A Fast, Accurate Deterministic Parser for Chinese
Wang et al define a chinese parser that uses SVM (or other classifiers) to do shift-reduce parsing in a single pass. They also look at combining classifiers. The main goal is to do fast parsing -- since parsing is done in a single pass, it is much faster than PCFG-type algorithms.
Wang et al use a classic shift-reduce parser. At each step, the classifier must decide whether to shift a new token onto the stack, or to perform a reduction. Reduction can be unary or binary, and binary reductions are marked with a head-direction. (This head-selection is used as a feature for later decisions).
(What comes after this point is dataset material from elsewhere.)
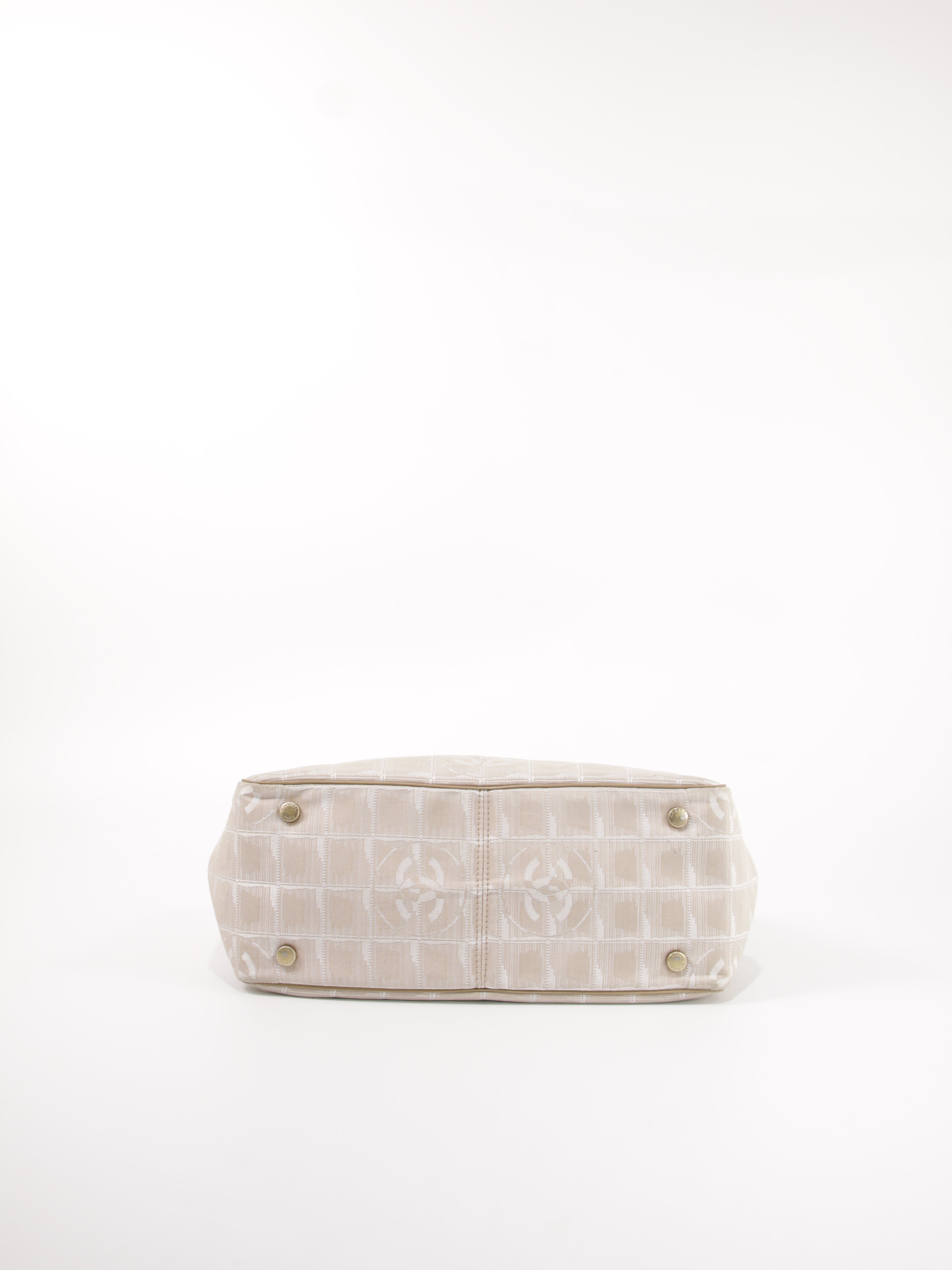 Medium New Travel Line Tote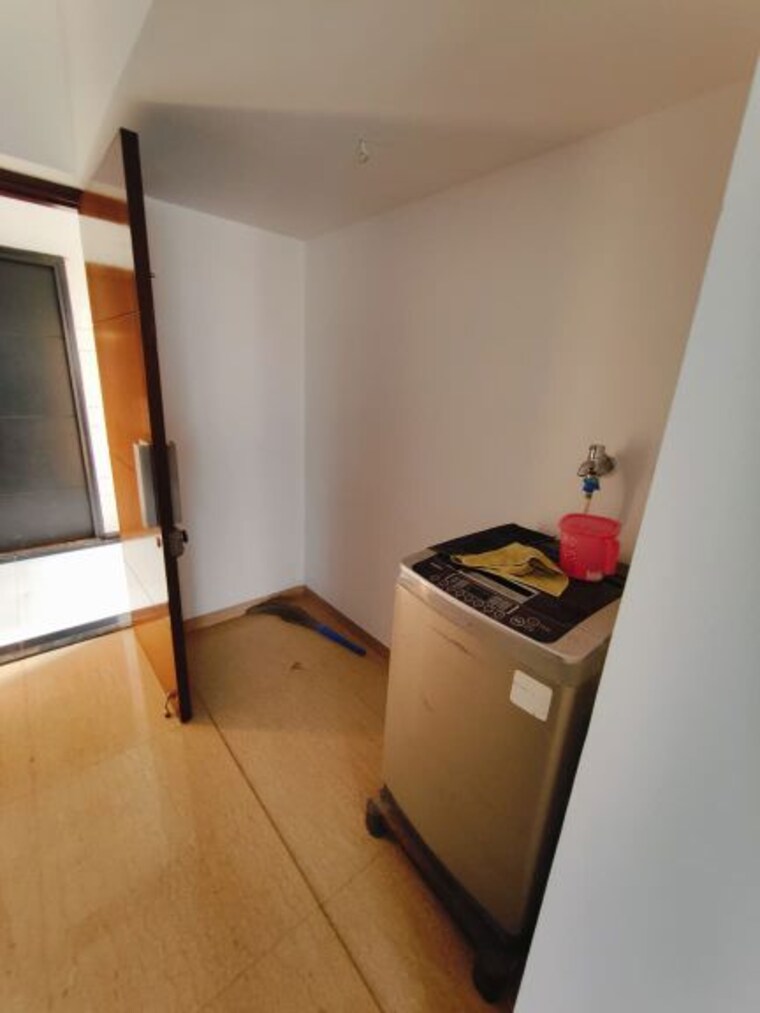 Attached Bathroom, lodha-belmondo Studio 600 Sq.Ft. Apartment In Gahunje Pune 10189262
If the classifier selects an invalid action given the state, then the parse fails.
Wang et all tried several classifiers: SVMs with degree 2 polynomial kernel; maxent; decision trees; and memory-based learning. SVMs give the best performance, decision trees are fastest, and maxent is in the middle. (No paired features for maxent, which might explain its lower performance.)
I'm still a little unclear on the features used. E.g., some of the features below may actually be combined?? See the paper for more details (what little there is), but here is a basic list:
- boolean: are we expecting a close punctuation mark?
- boolean: is queue empty?
- boolean: is there a comman between stack[-1] and stack[-2]
- last action by the classifier
- number of words in stack[-1]
- number of words in stack[-2]
- headword of stack[i], i=[-1, -2, -3, -4]
- part of speech of stack[i], i=[-1, -2, -3, -4]
- headword of queue[i], i=[1, 2, 3, 4]
- part of speech of queue[i], i=[1, 2, 3, 4]
- nonterminal label of stack[-1]
- nonterminal label of stack[-2]
- number of punctuation chars in stack[-1]
- number of punctuation chars in stack[-2]
- rhythmic features of stack[-1] and of stack[-2]
- linear distance between headwords of stack[-1] and stack[-2]
- nonterminal label, pos, and hedadword of left & right child of stack[-1] and stack[-2]